Active listening gives meaning to digital music
Imagine a home hi-fi system where music was automatically categorised according to preferences, where you could read the lyrics as you listen, summon up a favourite tune by humming it, and play along with your favourites. It may sound farfetched, but all these functions and more have already been achieved.
The SemanticHIFI project, coordinated by the Paris-based music technology institute, Ircam, is unique. It represents a quantum leap in home music technology, in which access to musical content, and the ability to manipulate it, have hardly advanced since the days of the gramophone.
“Essentially, we are adding descriptions to musical content,” explains Ircam’s Hugues Vinet, the project coordinator. “This allows for more interaction with music, so users can do more than just passively listen. Actually, it’s about making our sophisticated software tools for professional musicians available to a broader public.”

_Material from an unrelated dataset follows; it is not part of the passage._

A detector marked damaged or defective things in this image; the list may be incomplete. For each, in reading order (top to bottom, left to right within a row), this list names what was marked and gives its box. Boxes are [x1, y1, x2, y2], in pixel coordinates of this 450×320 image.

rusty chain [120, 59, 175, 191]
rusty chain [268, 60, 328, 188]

These tools enable a wide variety of functions. Some address ways to browse the large number of recordings that now inhabit the average hard disk. “Browsing techniques for digital music were very basic,” explains Vinet. “You could only search ‘editorial’ information, such as titles. But SemanticHIFI will allow people to label and browse their own collections according to actual musical content, categorised as they see fit. “It’s not our object to define genres, but to let people define their own,” explains Vinet. “Then the system learns the definition criteria, and can label other titles accordingly.”

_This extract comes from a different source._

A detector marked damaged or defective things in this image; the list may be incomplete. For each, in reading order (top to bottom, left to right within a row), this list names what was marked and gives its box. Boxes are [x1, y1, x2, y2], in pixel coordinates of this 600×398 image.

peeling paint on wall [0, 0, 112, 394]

‘Browsing by example’ is another intriguing possibility – simply select the kind of music you want to hear, on the basis of features such as tempo or orchestration, and the programme comes up with a list of comparable pieces.
Naturally, exploring musical content in this way requires a mode of visualisation. “So we have developed a system that analyses the temporal structure of a piece of music and develops a graphical map or interface based on that,” explains Vinet. “So if you click on one of the elements in the graphical map, you go directly to that part of the music. What’s more, using this algorithm you can generate a musical summary as a new file – condensing a long piece into a much shorter one, but complete with all its variations. Then you can manipulate musical content via the summary and the graphical map.”

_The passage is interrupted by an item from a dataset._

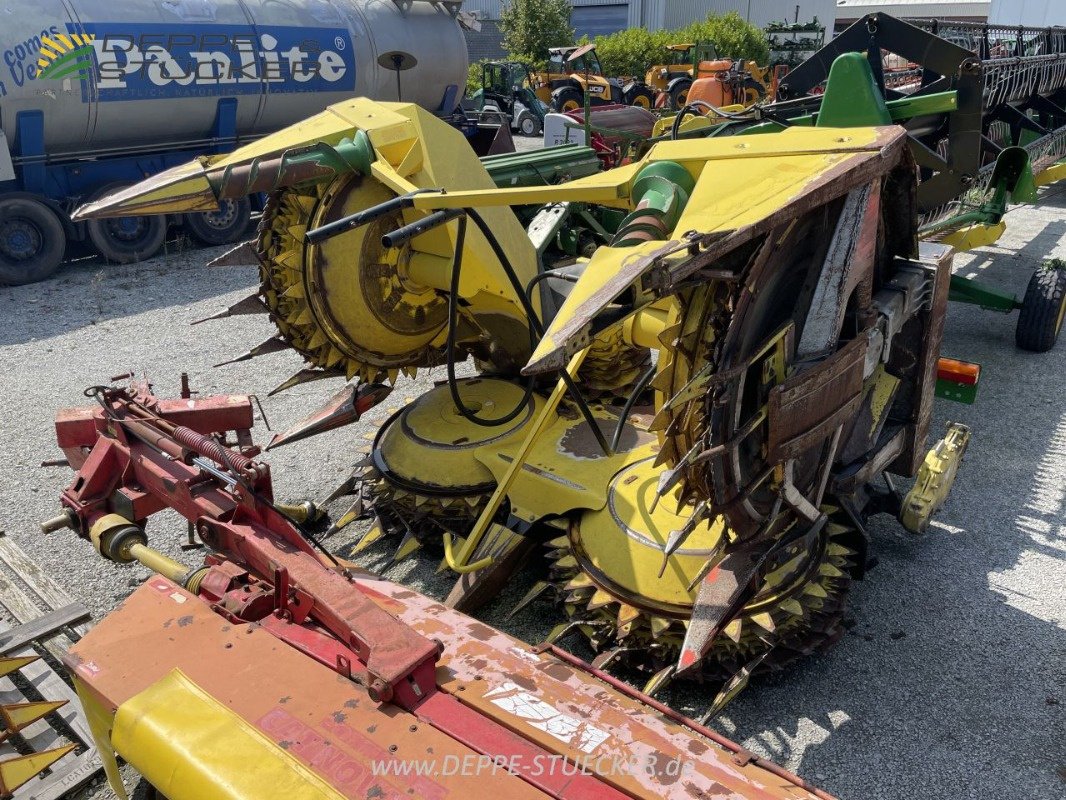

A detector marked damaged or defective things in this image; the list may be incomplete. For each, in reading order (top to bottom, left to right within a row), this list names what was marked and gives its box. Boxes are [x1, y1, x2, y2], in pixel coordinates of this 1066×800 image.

rusty metal panel [771, 337, 869, 462]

Another way of navigating through musical documents involves the ability to separate different instruments, using sound manipulation techniques that reproduce sounds in space. Here, SemanticHIFI challenges the usual recorded music model, which is undoubtedly polyphonic: “We have to persuade the music industry to evolve its production process by providing multitrack recordings,” says Vinet. Being able to separate the instruments allows the listener to arrange an orchestra in space, choosing where to place the violins, for example. It invites listeners and musicians to really understand the construction of a piece, and play along with it. “The system even includes simplified musical instruments that you can play with, using your voice,” Vinet explains.
SemanticHIFI’s system architecture has several components: a hi-fi box in the living room will house most of the capabilities. PC applications will enable more advanced functions, such as performance ones. Other capabilities are peer-to-peer file sharing – “In a non-copyright infringing way,” Vinet insists. “Users can share metadata – their indexing and manipulations – but not original tracks. The computer identifies the original behind the metadata, and if you don’t own it, will suggest you buy it. SemanticHIFI is therefore compatible with the commercial model.”
The project counts Berlin’s Native Instruments and the Sony European Technology Centre (Stuttgart) as its industrial partners. Sony handles the integration of the technologies into a box, which is the next step. “We’re two-thirds of the way there,” says Vinet. “All the technologies have been validated and the first application prototypes will be ready early in 2006, for a first trial at the Cité des Sciences in Paris.” He believes it is up to industry to decide the commercial future of the project: “The box itself may be a product, and parts of it may be adapted into mobiles or games – there are many possibilities,” he says.
But whatever form SemanticHIFI takes, one thing is for sure: listening to music will never be the same again.